Sebelum mengurai contoh majas hiperbola tersebut, perlu kiranya untuk meneliti penggunaan kata dalam kalimat yang menggunakan majas hiperbola. Para pakar menyatakan bahwa dalam majas hiperbola terdapat dua kata atau dalam bentuk lain yang merupakan penanda. Biasanya kata pertama tersembunyi atau implisit sedangkan kata kedua akan menggantikan kata pertama yakni sebuah bentuk kata yang memiliki makna yang jauh melebihi makna kata pertama yang digantikannya. Kadang, kata pertama tersebut muncul secara jelas bersama kata kedua akan tetapi lebih sering juga tersembunyi.

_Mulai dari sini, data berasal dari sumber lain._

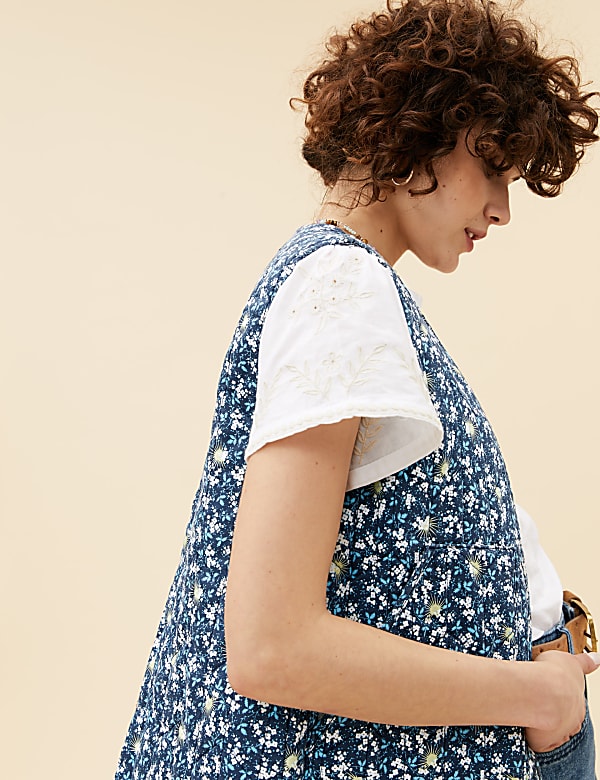 Tencel™ Rich Floral Quilted Gilet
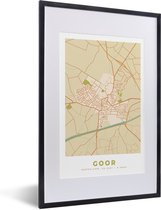 Fotolijst incl. Poster - Kaart - Goor - Stadskaart - Plattegrond - 40x60 cm - Posterlijst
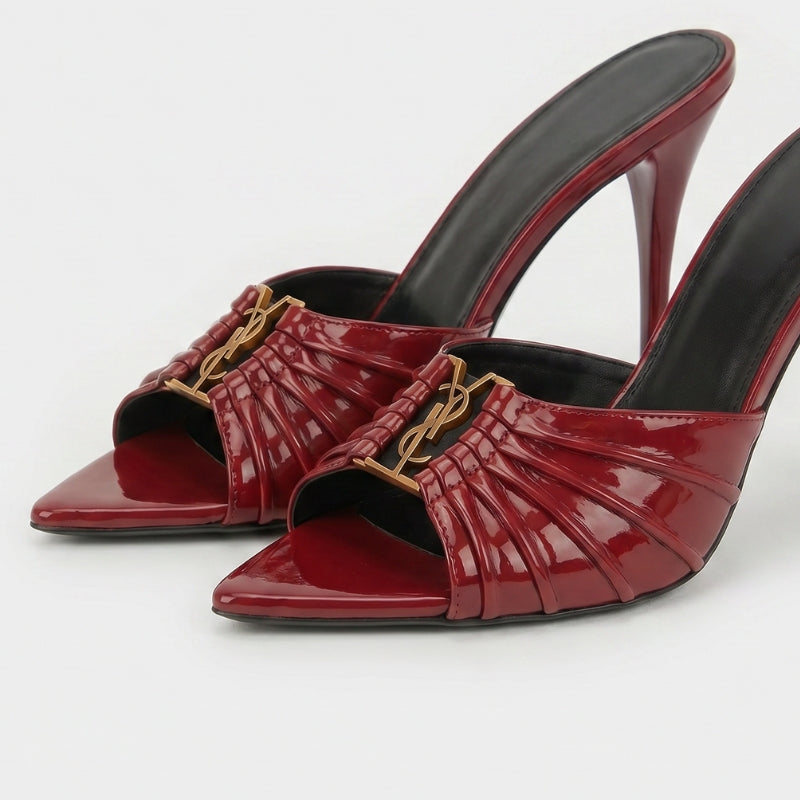 Capri Patent High Heels Burgundy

Dalam pola pembentukannya, terkadang majas hiperbola mengambil proses pembentukan majas lainnya seperti majas perumpamaan simile, metafora dan majas lainnya. Akan teta[I dalam hiperbola, hal yang paling penting adalah intensitas makna yang terkesan dilebihkan. Berikut beberapa contoh majas hiperbola yang terdapat dalam kalimat:
  1. Dengan suara yang menggelegar, ia berkata pada anak-anak nakal itu “Pergi kalian dari tempat ini!!”. Kata menggelegar mewakili suara manusia yang impilist atau tersembunyi. Meski tidak ada, namun siapapun tahu yang diwakili kata menggelegar adalah suara manusia. Meggelegar biasanya merupakan suara halilintar dan bukan manusia. Untuk mendapatkan makna yang lebih tinggi, maka kata gelegar dipakai di kalimat tersebut.
  2. Sudah lima tahun lamanya kekasihku pergi entah kemana, namun sedetik pun wajahnya tak pernah lenyap dari pikiran juga ingatanku.
  3. Rania berlari secepat kilat demi menghindari keterlambatan ke sekolah, hari ini ada ulangan kelas, ia harus bergegas!
  4. Kuman yang ada di seberang lautan nampak di matanya sedangkan gajah yang nongkrong di pelupuk matanya tak ia perhatikan.
  5. Gedung-gedung megah di kota metropolitan ini mencapai langit biru.
  6. Negeri ini akan runtuh jika ada banyak orang kikir seperti Anda.
  7. Isu kenaikan harga bahan bakar telah menenggelamkan isu lainnya dalam samudera.
  8. Gemuruh rasa di dadanya tak bisa ditahan lagi.
  9. Kesedihannya telah memuncak dan membuat ia tak sanggup lagi bernapas.
  10. Cinta menyetrum kedua anak muda itu sehingga mereka kehilangan kendali.
  11. Tangan beton dan semangat bajanya telah menjadikan ia pribadi yang sukses dalam hal harta.
  12. Hati emasnya membuat ia banyak disayangi ibu-ibu di kompleks perumahan ini.
  13. Wajahnya teduhnya menghangatkan hati semua orang yang memandangnya.
  14. Perangainya buas, tak heran jika banyak yang menjauhinya.
Masih ada banyak contoh majas hiperbola lainnya yang bisa ditemukan baik pada itu pada novel, roman, cerpen, cerbung, puisi dan juga buku non-fiksi lainnya. Majas ini termasuk jenis majas yang paling populer dan banyak digunakan dalam kehidupan kita sehari-hari terutama dalam hal berbahasa.